• Exercise goal: Your copy starts at the line containing "Lancer Tactical Multi-Purpose" and ends at the last line below. Copy exactly, without pictures.

• Materials provided:
BEGIN

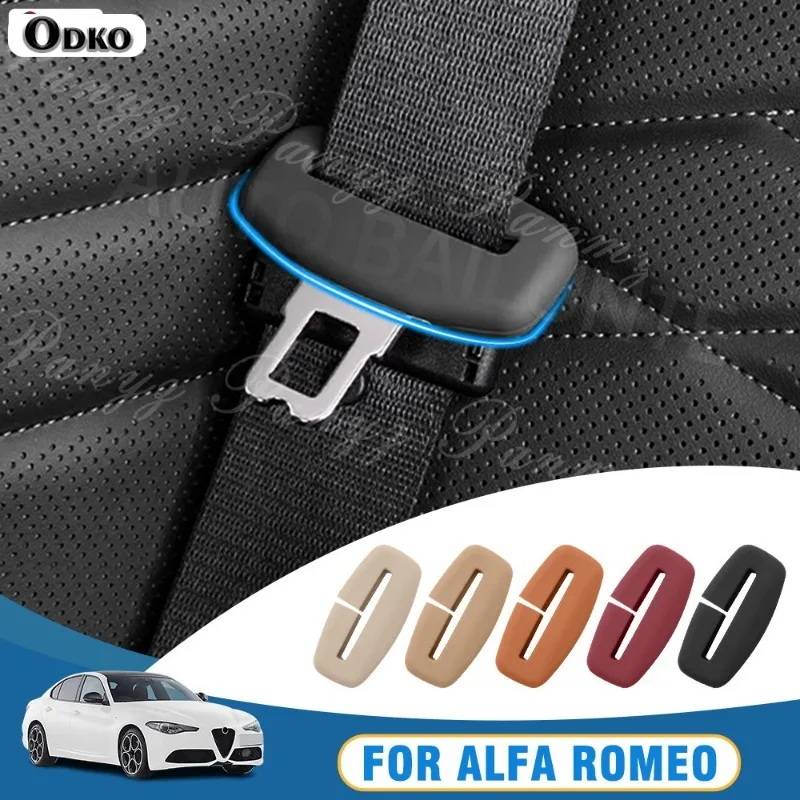 Car Seat Belt Buckle Protector Cover Soft Silicone Accessorie For Alfa Romeo 159 Giulietta 156 147 Giulia Mito GT Stelvio Spider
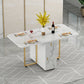 Modern Style White Dining Table Sintered Stone Drop-Leaf Dining Table for Home Use Clearhalo ' dining_table' 'Dining Tables & Seating' 'Dining Tables' 'furn' 'furn_dining_table' 'Furniture' 'furniture_dining_table' 'Kitchen & Dining Furniture' 'kitchen&dining_furn' 'kitchen' 'kitchen_dining_table' 4021041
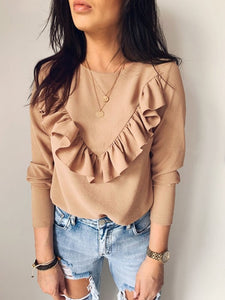 Ruffles T Shirt Women Long Sleeve Streetwear T-Shirts Tops Casual Solid O-Neck Tee Top Female Clothing 2019 Fashion De Mujer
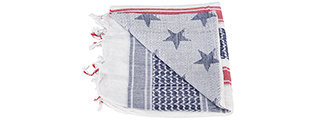Lancer Tactical Multi-Purpose Shemagh Face Head Wrap w/ Blue Stars (WHITE / BLUE / RED)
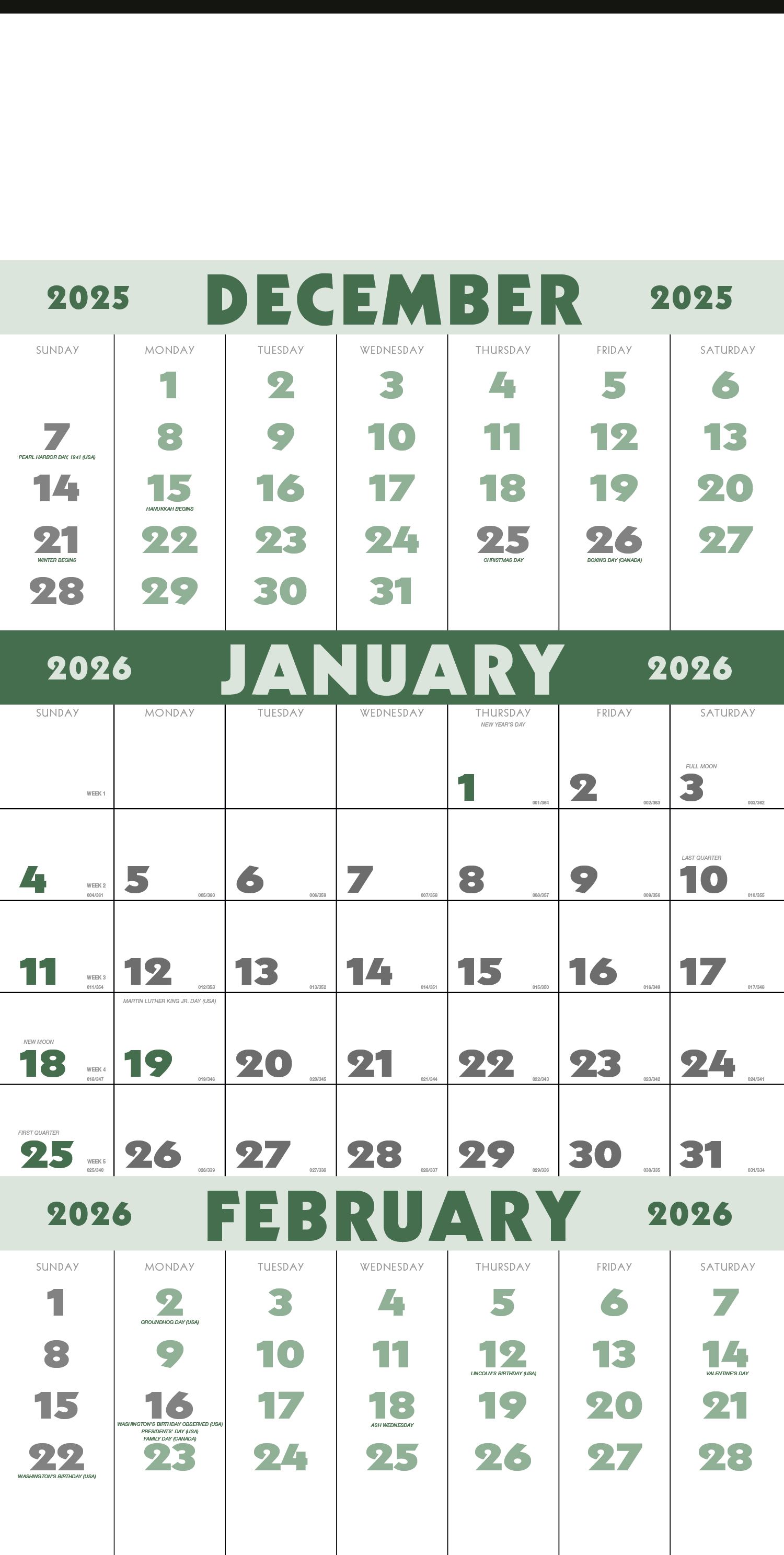 2025 3Month Planner (12sheet) Calendar 13" x 25" Imprinted 3Month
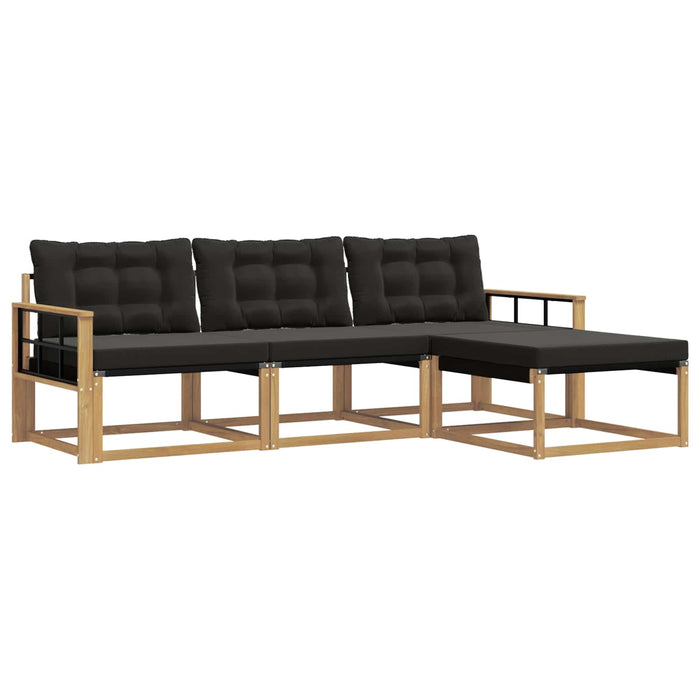 Set de canapele de exterior cu pernă 4 pcs Alb și negru WALTI
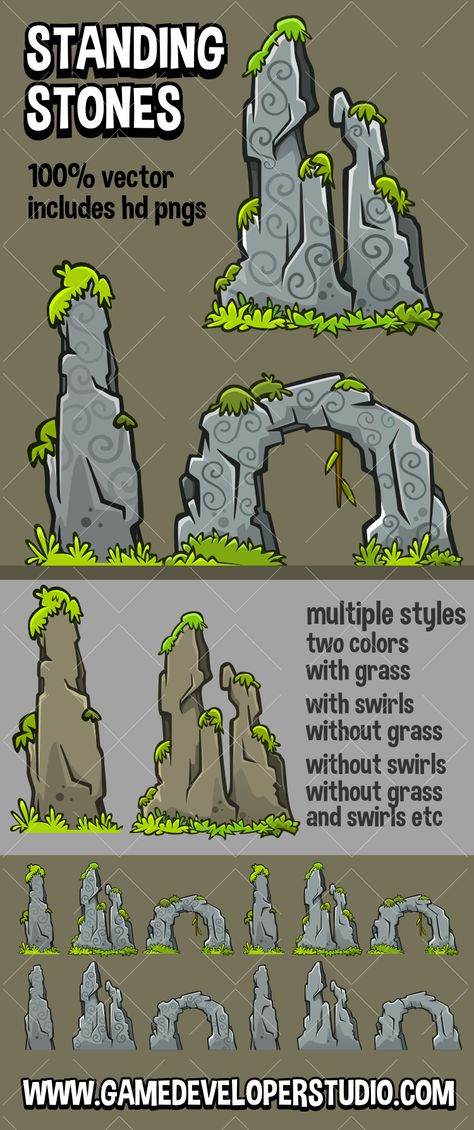 2d Environment Art, Simple 2d Game Art, Concept Art For Games, Stone Character Design, Environment Design Concept, 2d Game Character Design, Game Environment Design, 2d Tileset, Game Design Art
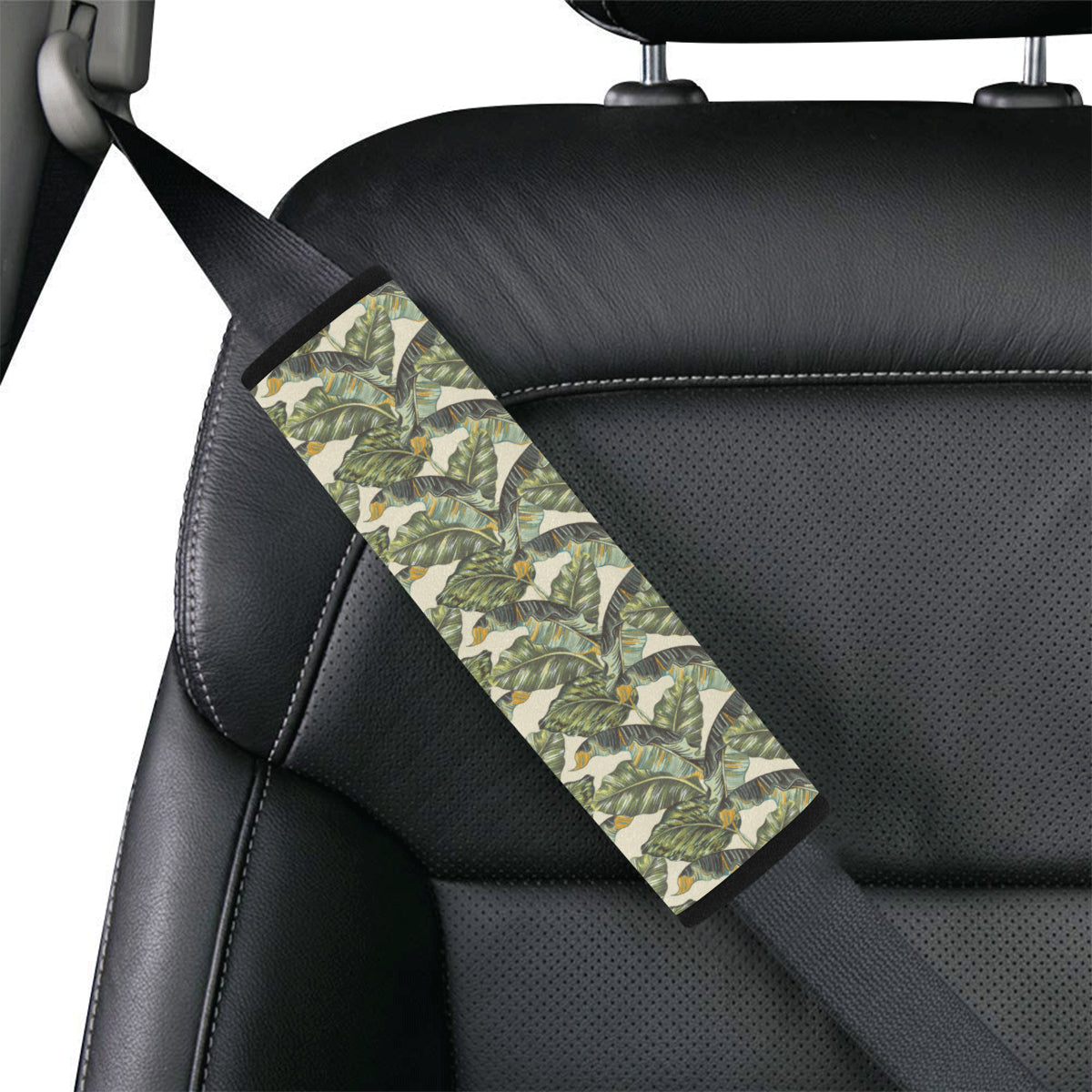 Banana Leaf Pattern Print Design 04 Car Seat Belt Cover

END

• Problem solution:
Lancer Tactical Multi-Purpose Shemagh Face Head Wrap w/ Blue Stars (WHITE / BLUE / RED)
 2025 3Month Planner (12sheet) Calendar 13" x 25" Imprinted 3Month
 Set de canapele de exterior cu pernă 4 pcs Alb și negru WALTI
 2d Environment Art, Simple 2d Game Art, Concept Art For Games, Stone Character Design, Environment Design Concept, 2d Game Character Design, Game Environment Design, 2d Tileset, Game Design Art
 Banana Leaf Pattern Print Design 04 Car Seat Belt Cover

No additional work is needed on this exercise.